* [Your assignment]
Copy out the data from the line containing "Купить 4-комнатную квартиру, №388414" to its last line, exactly. No pictures.

* [Image-caption web data]
====================

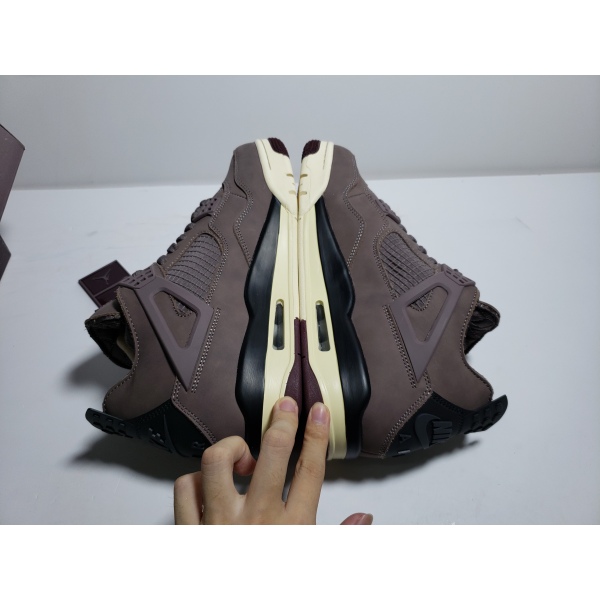 PKGoden Jordan 4 Violet Ore A Ma Maniére,DV6773-220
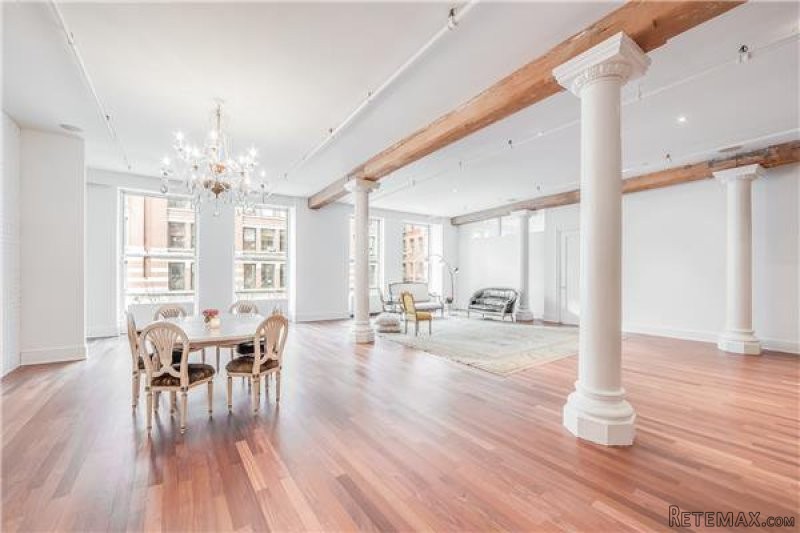 4 Bedrooms - Condo - New York State -..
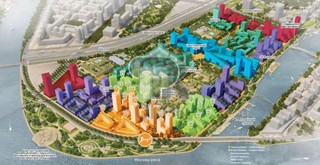 Купить 4-комнатную квартиру, №388414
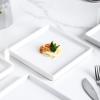 imageStone Lain Grace Stoneware Bowl Set Includes 4 Bowls BlackWhite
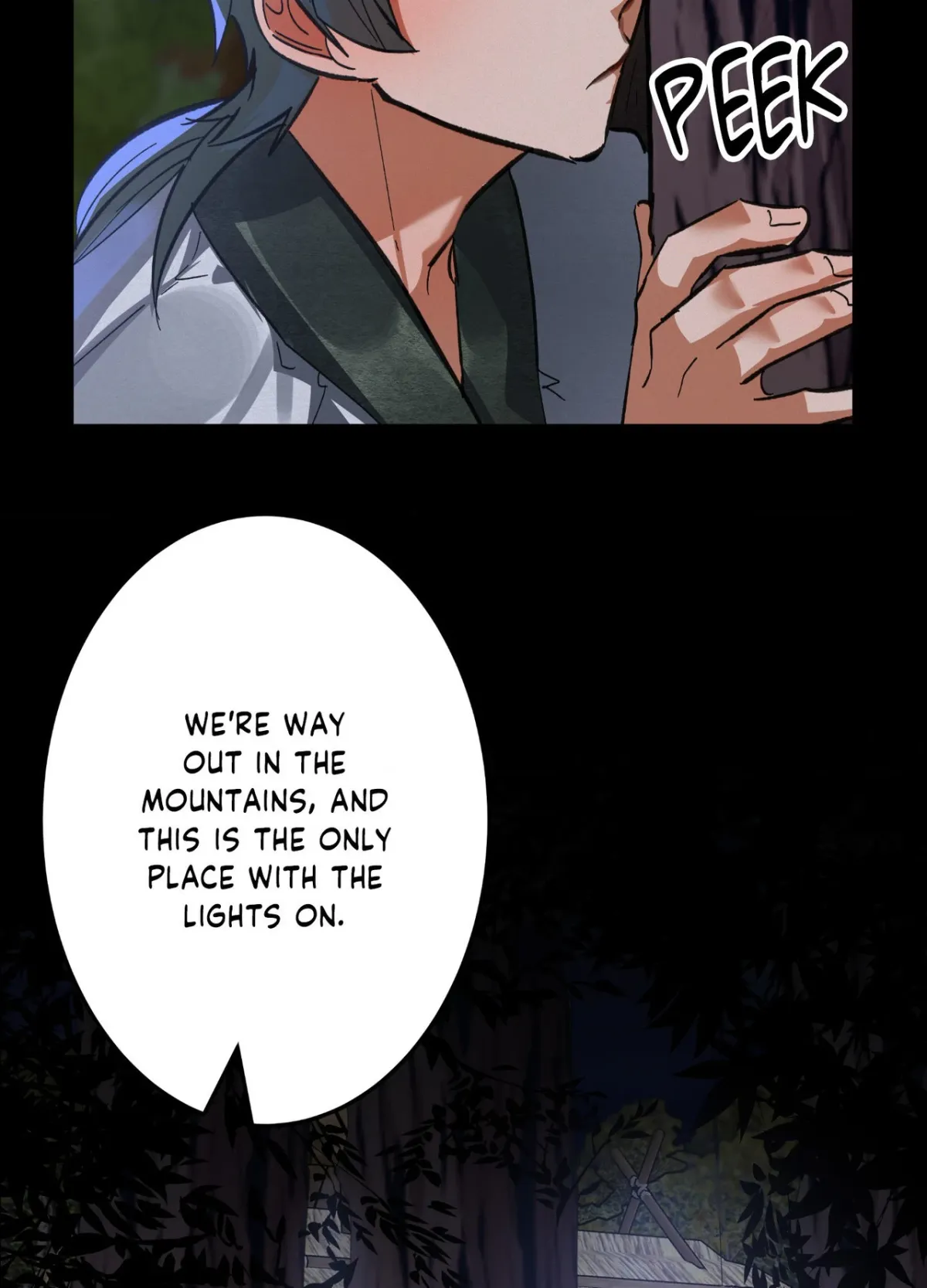Daemuljeon Chapter 36 page 47 -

====================

* [Answer space]
 Купить 4-комнатную квартиру, №388414
 imageStone Lain Grace Stoneware Bowl Set Includes 4 Bowls BlackWhite
Daemuljeon Chapter 36 page 47 -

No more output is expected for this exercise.